**Problem to solve:** Starting at the line below with "371 1st Street, photo 3" and stopping at the line with "NIKE picture", please print each line exactly, those two included, and skip every picture.

##### Dataset records

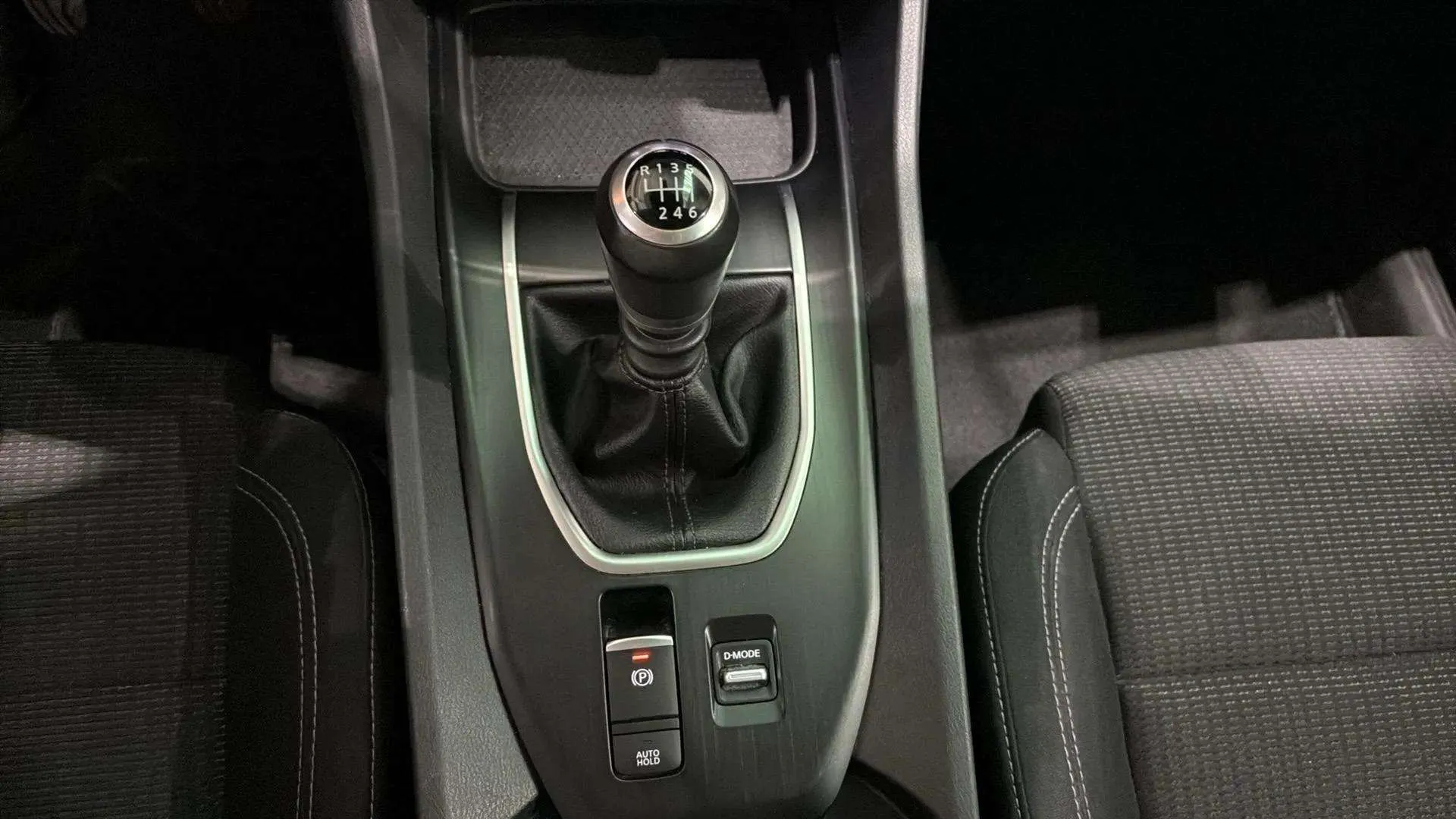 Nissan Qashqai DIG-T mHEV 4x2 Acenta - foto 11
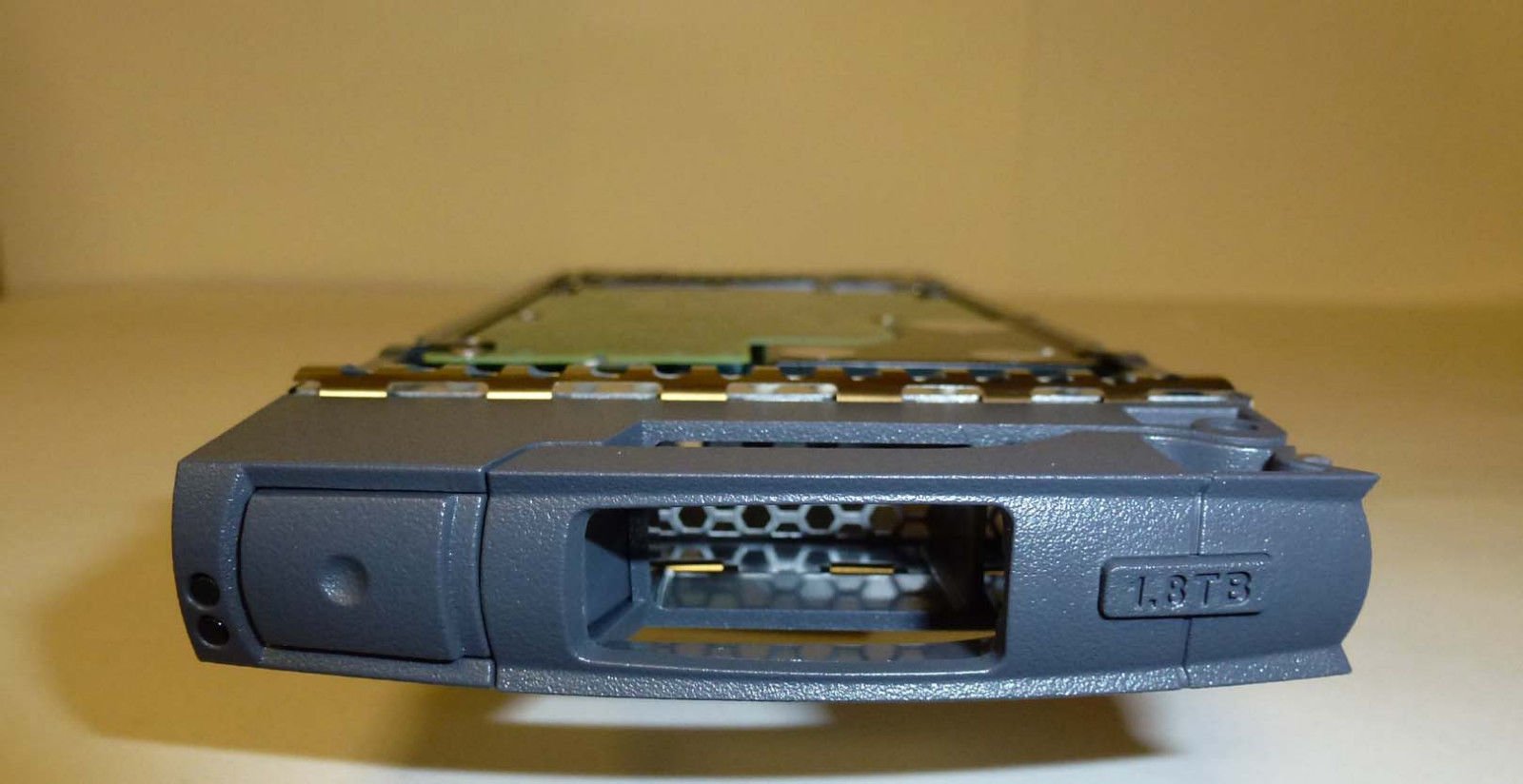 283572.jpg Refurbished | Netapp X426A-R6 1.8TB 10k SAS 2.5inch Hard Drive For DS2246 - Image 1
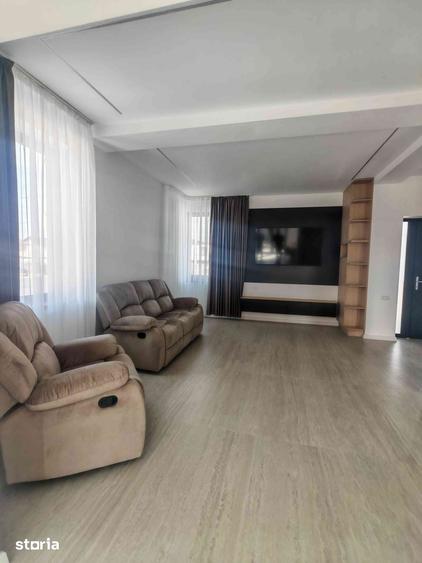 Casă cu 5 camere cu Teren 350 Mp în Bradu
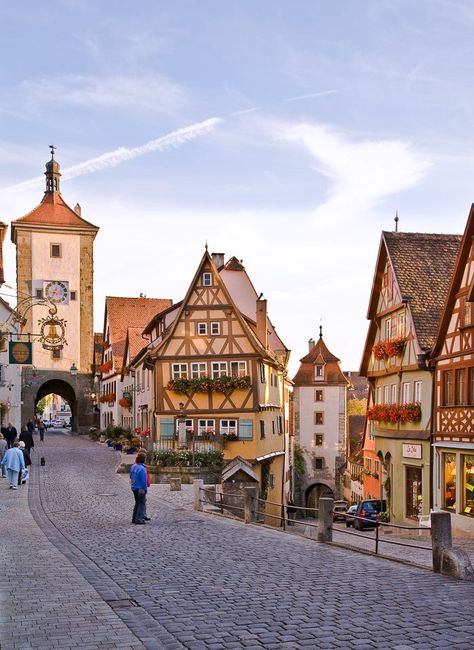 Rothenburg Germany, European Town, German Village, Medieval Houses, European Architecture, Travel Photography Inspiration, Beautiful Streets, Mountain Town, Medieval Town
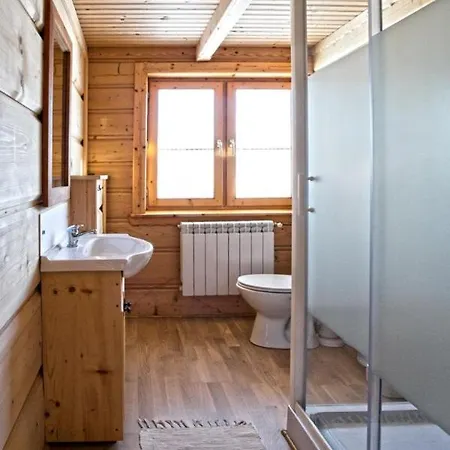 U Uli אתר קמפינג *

##########
##### Dataset records

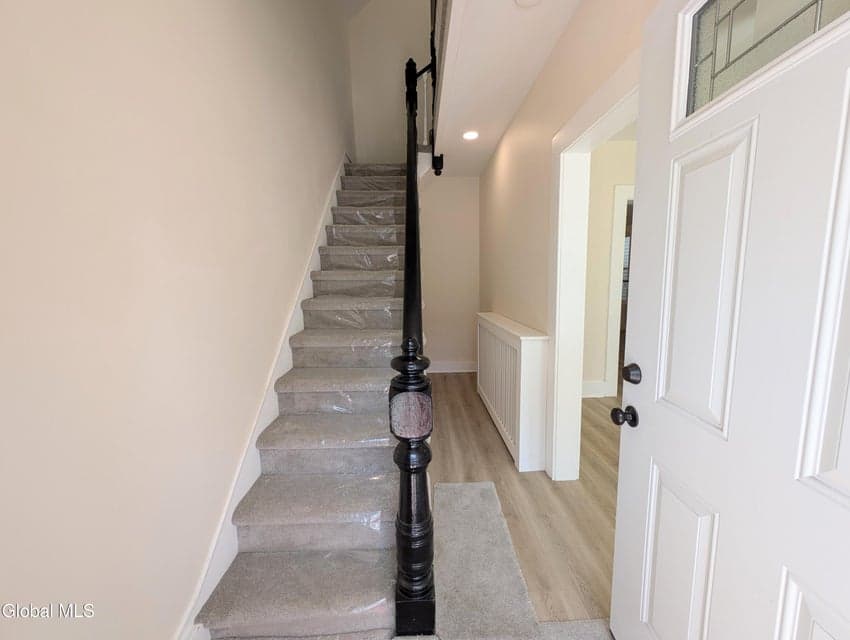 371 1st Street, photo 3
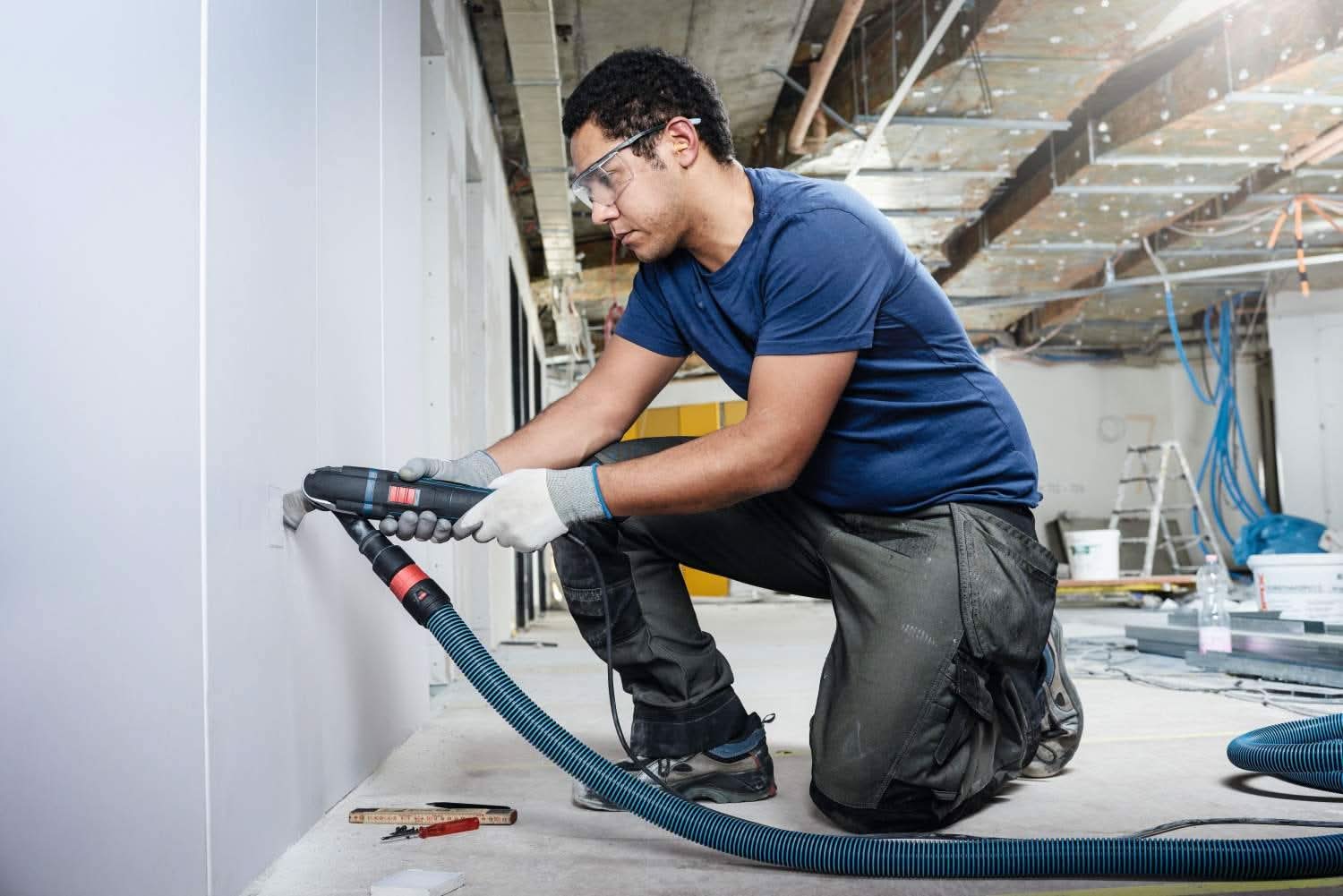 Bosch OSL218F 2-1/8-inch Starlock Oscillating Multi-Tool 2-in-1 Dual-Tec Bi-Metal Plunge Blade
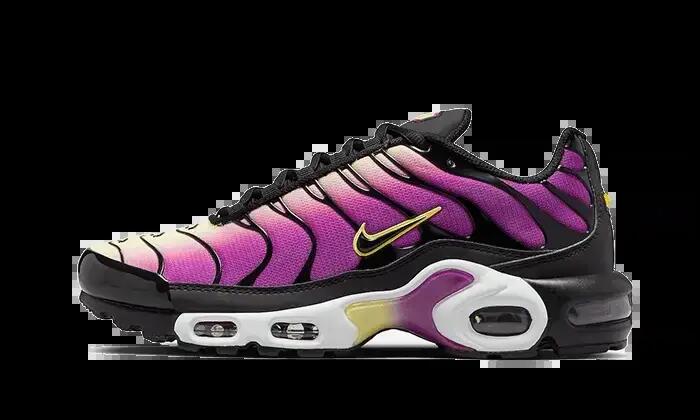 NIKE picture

##########

**Solution for this problem:**
 371 1st Street, photo 3
 Bosch OSL218F 2-1/8-inch Starlock Oscillating Multi-Tool 2-in-1 Dual-Tec Bi-Metal Plunge Blade
 NIKE picture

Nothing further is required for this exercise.